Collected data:
________________________

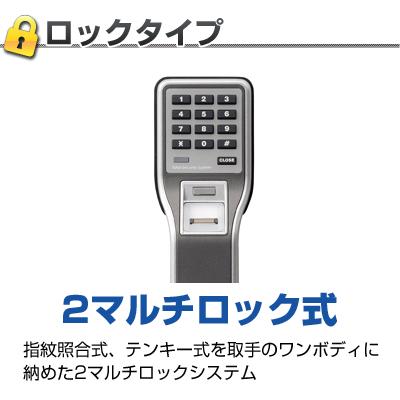 エーコー（EIKO） 家庭用 小型 耐火金庫 指紋認証 テンキー式 プッシュ
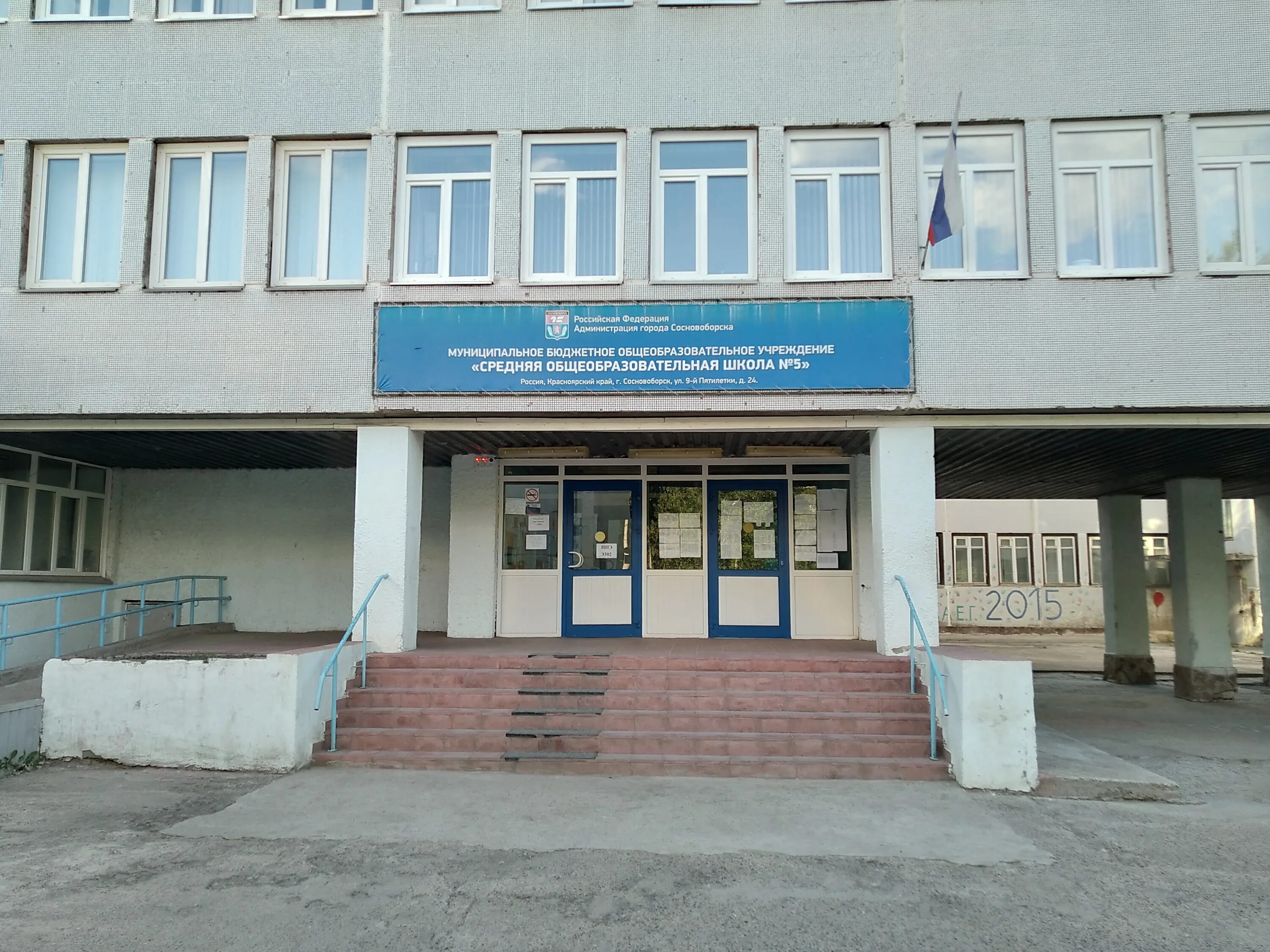 улица юности, 21, сосновоборск, красноярский край. 9 сосновоборск. олимп сосновоборск. ул 9 пятилетки сосновоборск. детский сад 7 сосновоборск.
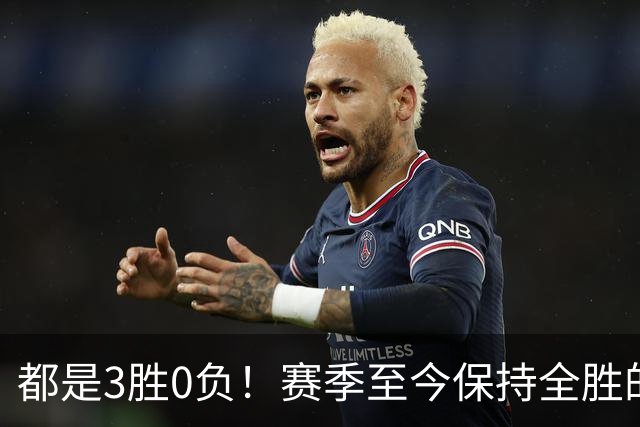 都是3胜0负！赛季至今保持全胜的球队仅剩辽宁和北京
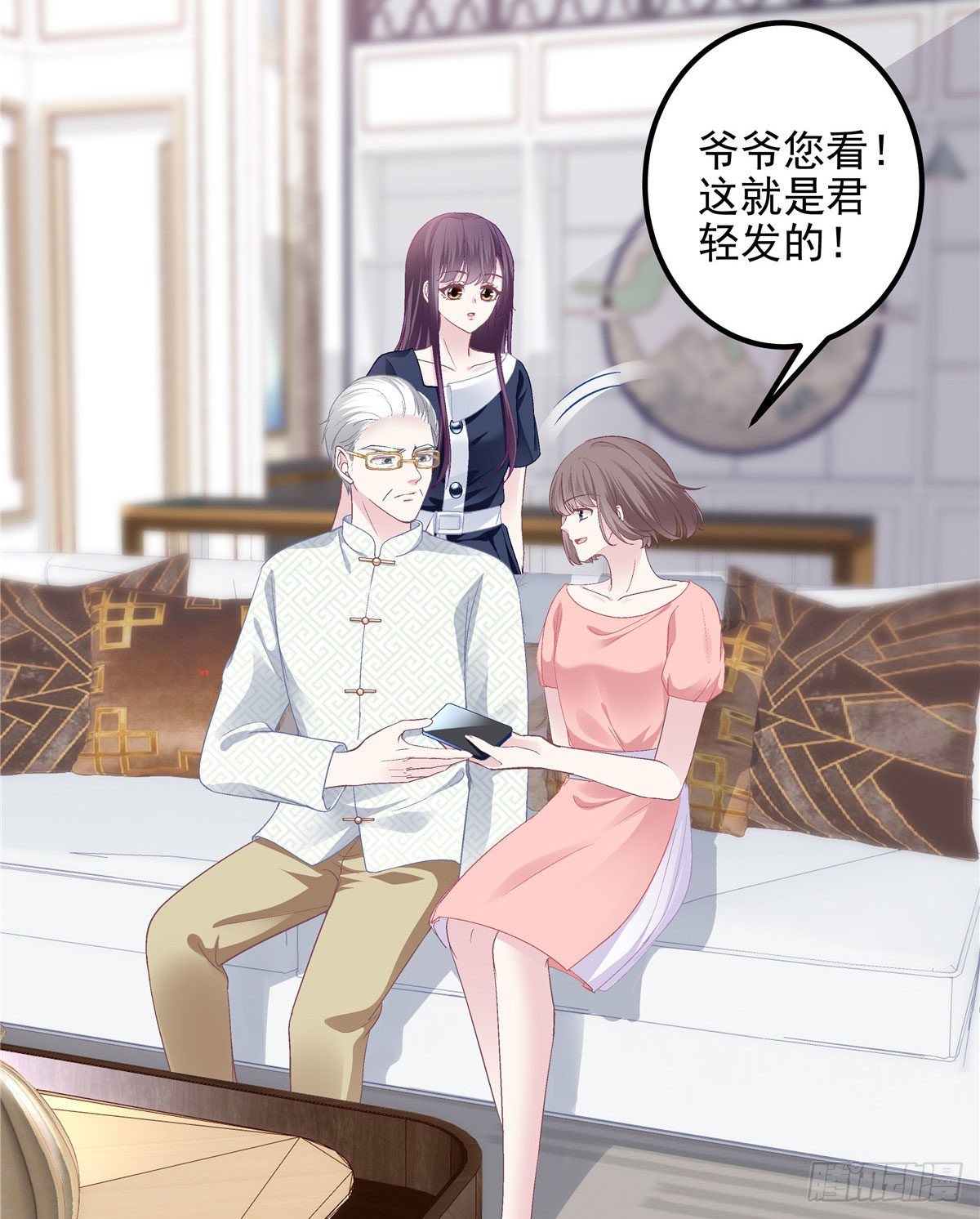 014 干爹回来了27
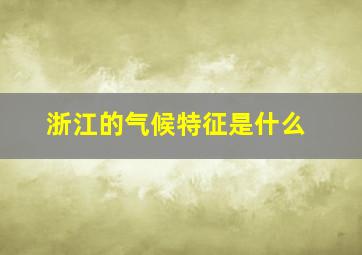 浙江的气候特征是什么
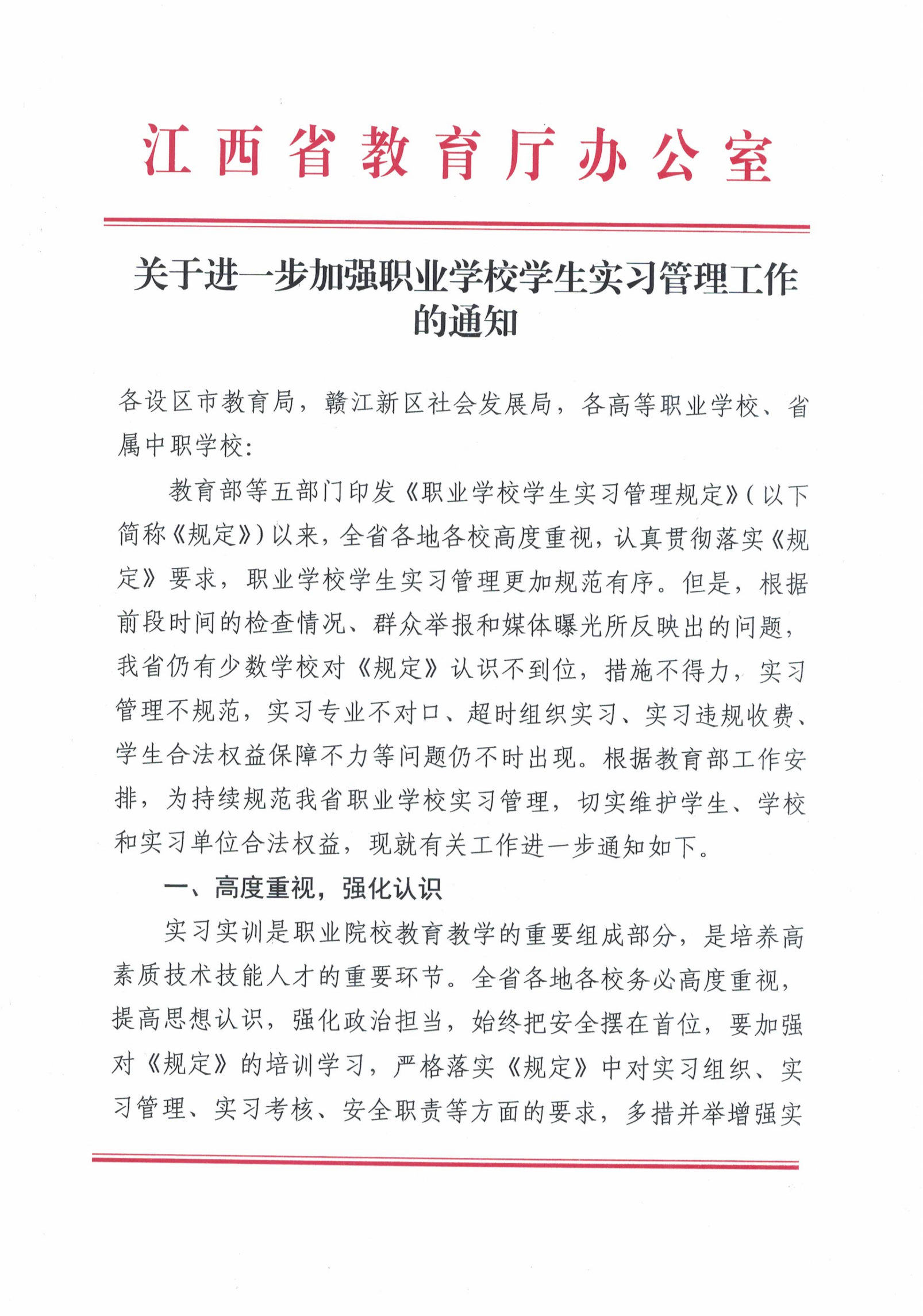 3.21关于进一步加强职业学校学生实习管理工作的通知_00.png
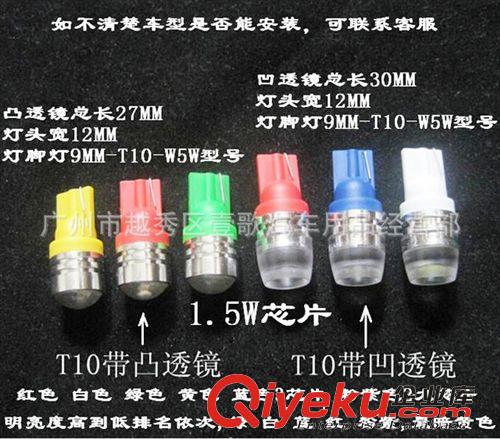 T10 帶透鏡示寬燈 LED示寬燈 小燈牌照儀表燈 大功率1W 多色原始圖片3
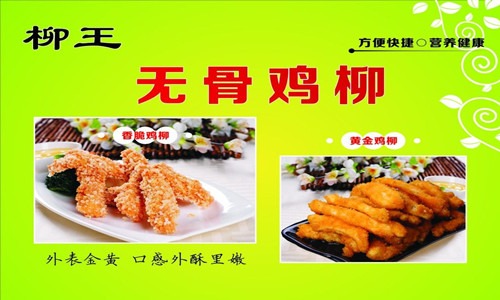 柳王鸡柳加盟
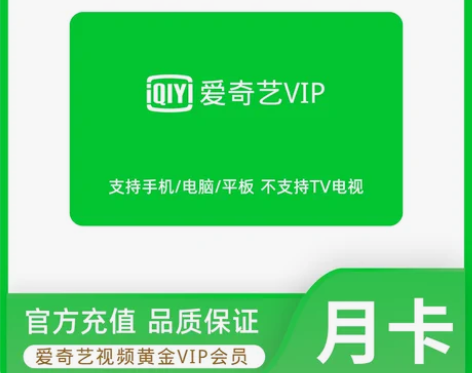 爱奇艺月卡爱奇艺一个月VIP会员aiqiy...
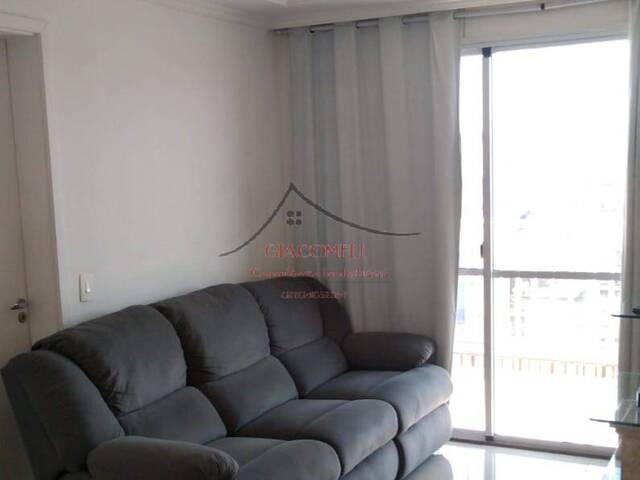 #877 - Apartamento para Venda em São Paulo - SP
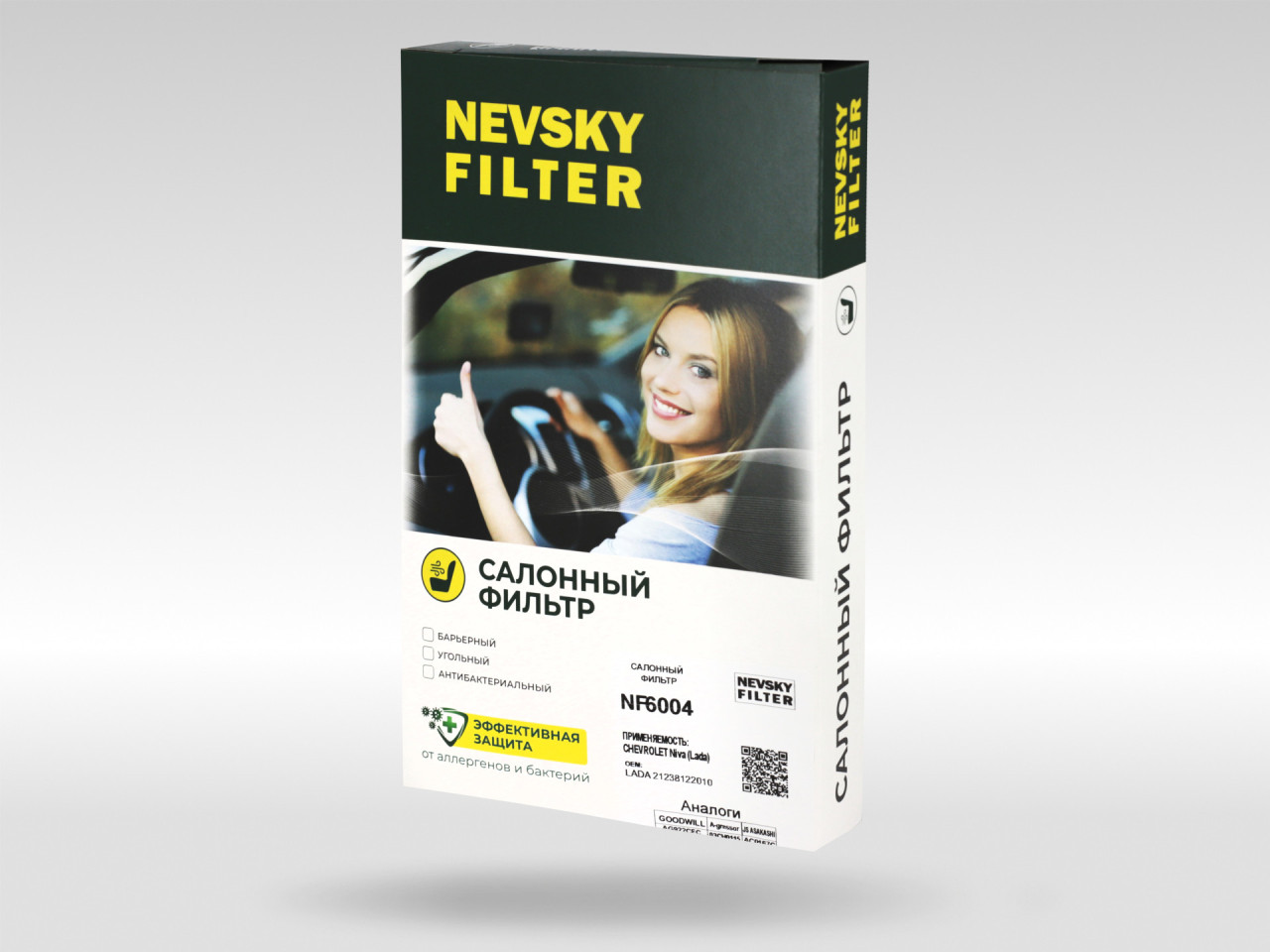 Салонный фильтр фильтр NEVSKY FILTER NF6004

________________________

§ **DESCRIPTION OF THE TASK**
What is needed here is an exact copy of the lines from the line containing "улица юности, 21, сосновоборск, красноярский" through the end of the records, with every picture left out.

§ **RESPONSE TO THIS EXERCISE**
 улица юности, 21, сосновоборск, красноярский край. 9 сосновоборск. олимп сосновоборск. ул 9 пятилетки сосновоборск. детский сад 7 сосновоборск.
 都是3胜0负！赛季至今保持全胜的球队仅剩辽宁和北京
 014 干爹回来了27
 浙江的气候特征是什么
 3.21关于进一步加强职业学校学生实习管理工作的通知_00.png
 T10 帶透鏡示寬燈 LED示寬燈 小燈牌照儀表燈 大功率1W 多色原始圖片3
 柳王鸡柳加盟
 爱奇艺月卡爱奇艺一个月VIP会员aiqiy...
 #877 - Apartamento para Venda em São Paulo - SP
 Салонный фильтр фильтр NEVSKY FILTER NF6004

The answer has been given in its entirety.